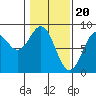 Redfield Cove tide chart for Tuesday, February 20, 2024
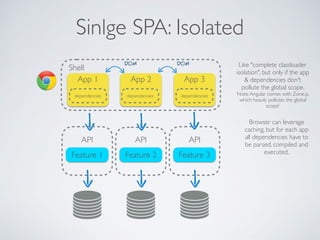 Sinlge SPA: Isolated
Feature 1 Feature 2 Feature 3
App 1
API API API
App 2 App 3
Shell
dependencies dependencies dependencies
D0M D0M
Browser can leverage
caching, but for each app
all dependencies have to
be parsed, compiled and
executed.
Like "complete classloader
isolation", but only if the app
& dependencies don't
pollute the global scope.  
Note:Angular comes with Zone.js,
which heavily pollutes the global
scope!
 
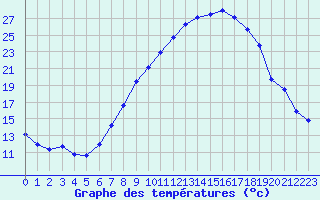 Courbe de tempratures pour Logrono (Esp)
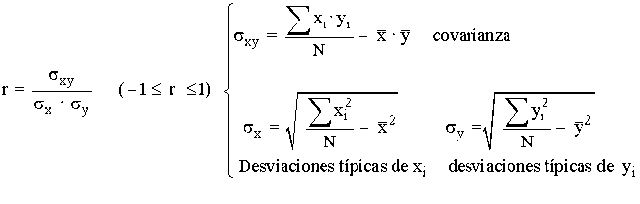 La X^2 de Karl Pearson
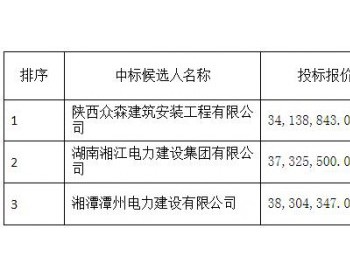 中标 | 中广核<em>内蒙古兴安盟</em>风电基地（科右前旗1GW）项目工程（五）中标候选人公示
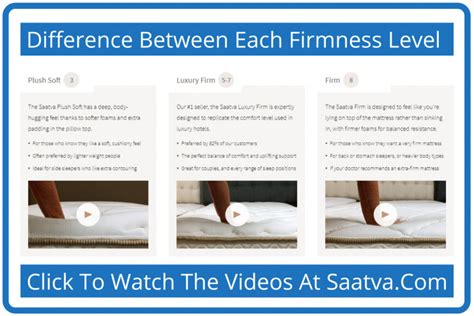 The Saatva Mattress Review - This Is Special: Not A "Mattress In A Box"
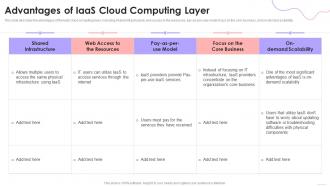 Cloud Based Services Advantages Of IaaS Cloud Computing Layer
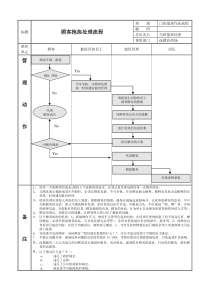 顾客抱怨处理流程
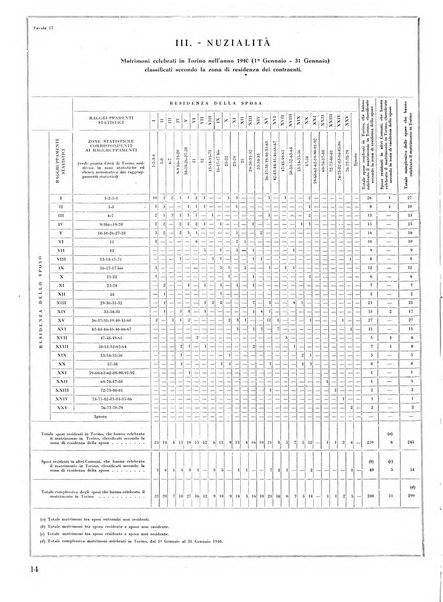 Torino rivista mensile municipale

### What you will do
Keeping every word as it is, write out all the data and omit the pictures.

### Response area
 Redfield Cove tide chart for Tuesday, February 20, 2024
 Sinlge SPA: Isolated
Feature 1 Feature 2 Feature 3
App 1
API API API
App 2 App 3
Shell
dependencies dependencies dependencies
D0M D0M
Browser can leverage
caching, but for each app
all dependencies have to
be parsed, compiled and
executed.
Like "complete classloader
isolation", but only if the app
& dependencies don't
pollute the global scope.  
Note:Angular comes with Zone.js,
which heavily pollutes the global
scope!
 
 Courbe de tempratures pour Logrono (Esp)
 La X^2 de Karl Pearson
 中标 | 中广核<em>内蒙古兴安盟</em>风电基地（科右前旗1GW）项目工程（五）中标候选人公示
 The Saatva Mattress Review - This Is Special: Not A "Mattress In A Box"
 Cloud Based Services Advantages Of IaaS Cloud Computing Layer
 顾客抱怨处理流程
 Torino rivista mensile municipale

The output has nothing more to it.